There has been much sensationalistic coverage recently about a drone strike that killed the leader of Al-Qaeda in the Arabian Peninsula. Many have succumbed to the temptation to celebrate this death without stepping back and evaluating precisely what the larger drone war has accomplished. Recently, I joined nearly 30 of my fellow faith leaders to take on that exact issue. In a world of division, it is remarkable when people of diverse perspectives can agree - particularly people of diverse faiths. That is why I am proud to have joined my friends of faith in speaking with one united voice to express our common concerns with the U.S. government's use of drone warfare.
From a range of Christian, Muslim, and Jewish perspectives, we jointly signed a letter urging the Obama administration and the U.S. Congress to halt its policy of lethal drone strikes. Despite the range of our different belief systems and ideas about warfare, we found that we shared many of the exact same questions and concerns about the drones program that led us to send this letter. Here are a few of those concerns.
First, we share a concern about the number of drone strike victims. The intrinsic value of human life is a key principle of our various beliefs. As the body count of both intended and unintended targets rises, we observe with alarm the ease with which warfare and killings have been expanded by the availability of this technology. Despite the U.S. government's refusal to acknowledge most of its strikes, independent reports have been staggering. From the death of a grandmother in Pakistan to the bombing of a wedding convoy in Yemen, the deaths by drone strike feel arbitrary and senseless. Instead of traditional battlefields and uniformed armies, today's wars increasingly look like killer robots flying into civilian communities to take a life in an everyday community. This transformation threatens the values we hold so closely by making killing so available.
Second, we are alarmed by the secrecy of the drone wars. Targets are chosen and killed in secret. Secret government officials decide who lives and who dies. Rarely do we find out who died, or why. The power to send machines into homes and communities to strike and kill is an enormous power. That enormous power currently invites misconduct and abuse because it is not accompanied by accountability. This secrecy is unacceptable and immoral. It prevents meaningful opposition and accountability, and allows unchecked killing power to continue indefinitely.

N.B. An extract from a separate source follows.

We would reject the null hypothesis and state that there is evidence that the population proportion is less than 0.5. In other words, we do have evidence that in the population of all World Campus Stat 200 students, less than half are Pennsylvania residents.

This leads to a final common concern, which is that the drone wars are not only immoral, but that they don't work. Across the spectrum of faith and belief, we jointly observe the failure of drone strikes to bring true peace and security. This is evident from the fact that the traumatic and arbitrary presence of drones in communities has vastly increased extremist recruitment. This is evident from the increasing chaos in Yemen, and the spread of violent extremism across the globe.
More than anything else, drone strikes actively work against the potential for just, lasting peace. The kind of peace that involves political stability, economic opportunity, and restorative justice is impossible to reconcile with global, endless drone wars. That kind of security requires attention to the root causes of violence and turmoil, addressing the human needs that lead to extremist actions, and investment in political and economic structures that topple extremist movements and promote justice and opportunity.
We hope that the Obama administration and the U.S. Congress answer our letter. More than that, we hope that they address our concerns by acknowledging the failures of the drone wars, and the moral mandate to try something new.